Work request
Set the material down again exactly, line by line, skipping each picture.

Data below
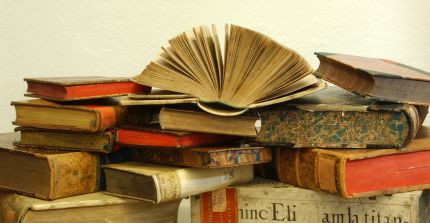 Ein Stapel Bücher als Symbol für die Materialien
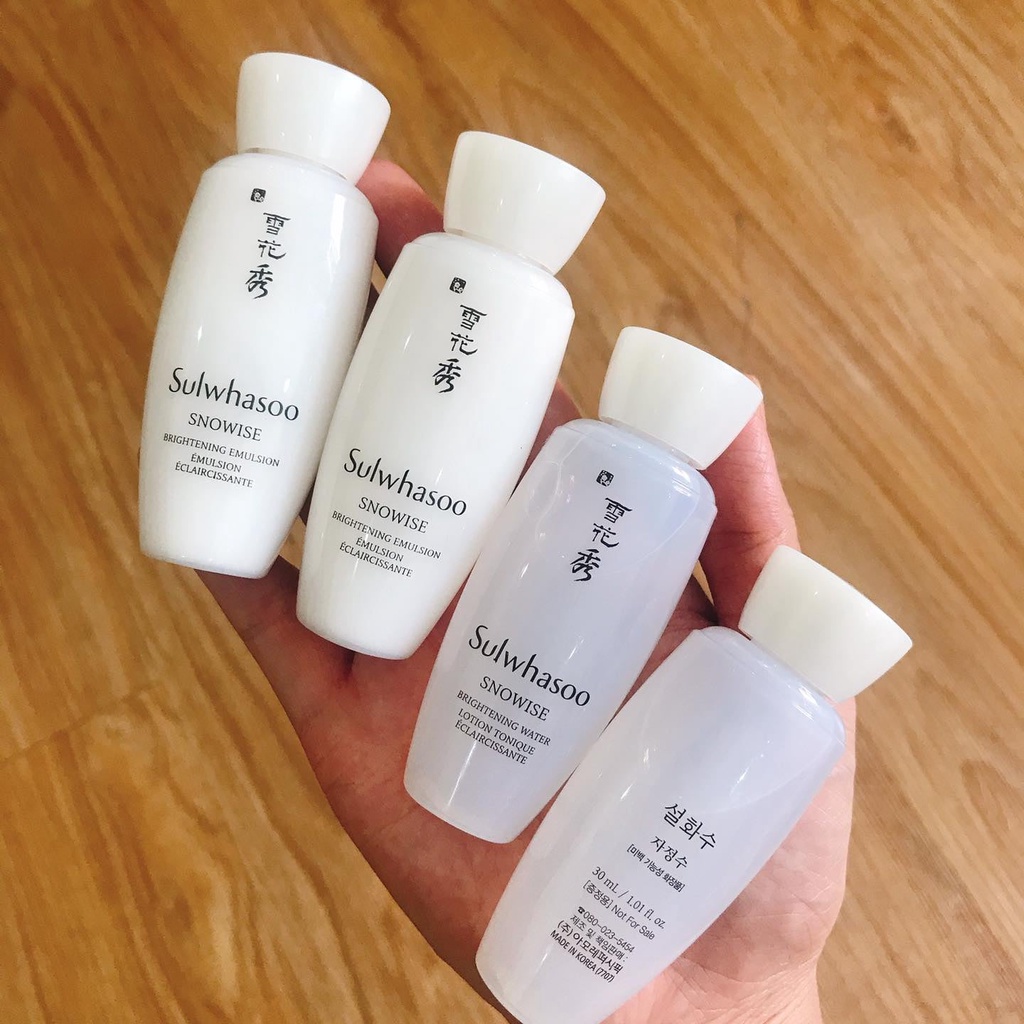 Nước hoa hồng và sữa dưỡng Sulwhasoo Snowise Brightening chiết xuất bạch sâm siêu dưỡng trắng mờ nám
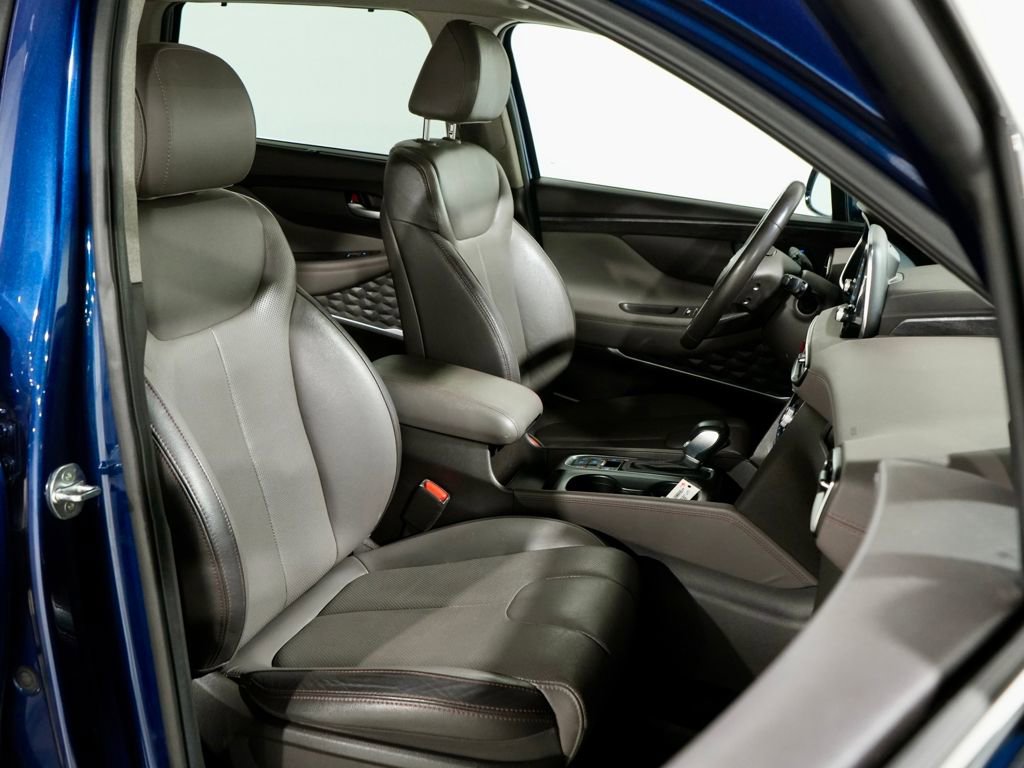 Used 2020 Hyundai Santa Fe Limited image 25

Result
 Ein Stapel Bücher als Symbol für die Materialien
 Nước hoa hồng và sữa dưỡng Sulwhasoo Snowise Brightening chiết xuất bạch sâm siêu dưỡng trắng mờ nám
 Used 2020 Hyundai Santa Fe Limited image 25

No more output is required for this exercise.